5 carros para quem deles gosta, ciclovias e futebol americano
Este é um tema que, embora me diga muito, me deixa cada vez mais triste. O primeiro, entenda-se. Acho que há cada vez menos pessoas que gostam, efectivamente, de carros. E acho que há várias explicações para isso, se bem que vão todas dar à mesma: a demonização do automóvel, esse objecto inútil, poluidor e nocivo. Mas gostar de automóveis é bem mais do que participar em corridas ilegais e colocar a vida dos outros em perigo. Gostar de automóveis não tem de significar, igualmente, gostar apenas dos rápidos.
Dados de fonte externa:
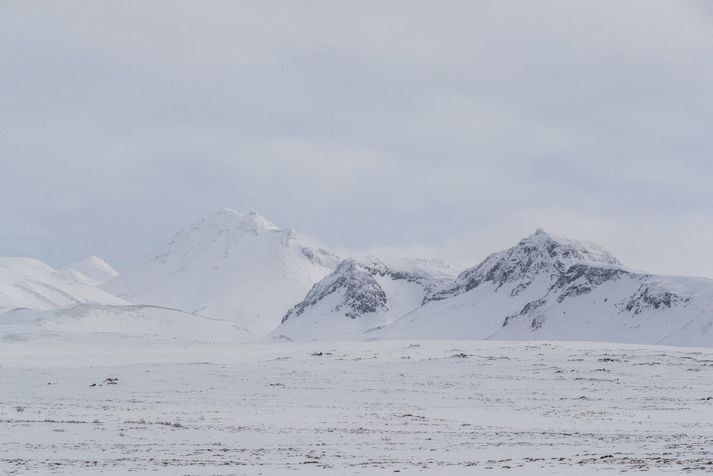 Víða er talin hætta á snjóflóðum á Norðurlandi. óvissustigi vegna snjóflóðahættu hefur verið lýst yfir á Siglufjarðarvegi.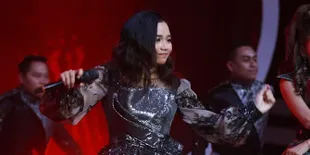 Pulang ke Maluku Sebagai Juara 3, Sheyla LIDA Nyanyikan Ini di Mini Konsernya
E gostar dos rápidos não significa que conduza, diariamente, como se estivesse a fugir à Polícia, até porque a última coisa que quero é ter o meu automóvel inundado de luzes azuis e ter de parar para receber os agentes à janela enquanto me pedem um autógrafo e três centenas de moedas de euro.
Actualmente, falar de automóveis em público, mostrar, ainda que discretamente, de que gosto muito de carros, é meio caminho andado para ser ostracizado, excluído da sociedade. Os olhares dizem tudo. Ou sou o “nerd”, o “geek”, o fanático, ou o irresponsável. E acho que isto tem conduzido a que, cada vez mais, existam cada vez menos pessoas, potenciais condutores, a querer, literalmente, conduzir. Sim, é verdade que os transportes públicos são uma excelente solução, e vivemos, também, na era das bicicletas e trotinetas eléctricas, mas a grande verdade é que há cada vez menos fãs de carros porque há cada vez menos carros para pessoas que gostam de carros e de, consequentemente, conduzir.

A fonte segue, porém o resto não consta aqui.